- WHAT YOU ARE ASKED TO DO: All lines below containing "Samsung" are to be listed.
::: THE DATA :::
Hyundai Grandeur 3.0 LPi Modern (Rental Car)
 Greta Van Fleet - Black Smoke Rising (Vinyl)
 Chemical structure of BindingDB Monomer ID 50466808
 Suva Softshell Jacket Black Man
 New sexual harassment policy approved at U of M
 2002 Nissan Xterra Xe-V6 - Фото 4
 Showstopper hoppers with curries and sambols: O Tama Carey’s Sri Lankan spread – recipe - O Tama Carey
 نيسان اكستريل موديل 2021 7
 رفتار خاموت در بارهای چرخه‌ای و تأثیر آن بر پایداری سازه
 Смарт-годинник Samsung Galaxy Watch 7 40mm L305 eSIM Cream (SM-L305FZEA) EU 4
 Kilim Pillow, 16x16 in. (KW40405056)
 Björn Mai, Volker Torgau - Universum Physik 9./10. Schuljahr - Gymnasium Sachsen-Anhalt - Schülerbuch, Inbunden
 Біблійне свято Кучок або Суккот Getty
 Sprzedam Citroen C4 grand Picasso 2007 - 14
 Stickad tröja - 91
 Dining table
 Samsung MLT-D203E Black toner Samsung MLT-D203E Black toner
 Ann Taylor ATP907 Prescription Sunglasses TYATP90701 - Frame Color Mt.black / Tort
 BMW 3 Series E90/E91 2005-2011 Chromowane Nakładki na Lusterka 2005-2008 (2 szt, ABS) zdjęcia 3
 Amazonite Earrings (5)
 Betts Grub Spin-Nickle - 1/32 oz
:::
- RESULT OF THE TASK:
 Смарт-годинник Samsung Galaxy Watch 7 40mm L305 eSIM Cream (SM-L305FZEA) EU 4
 Samsung MLT-D203E Black toner Samsung MLT-D203E Black toner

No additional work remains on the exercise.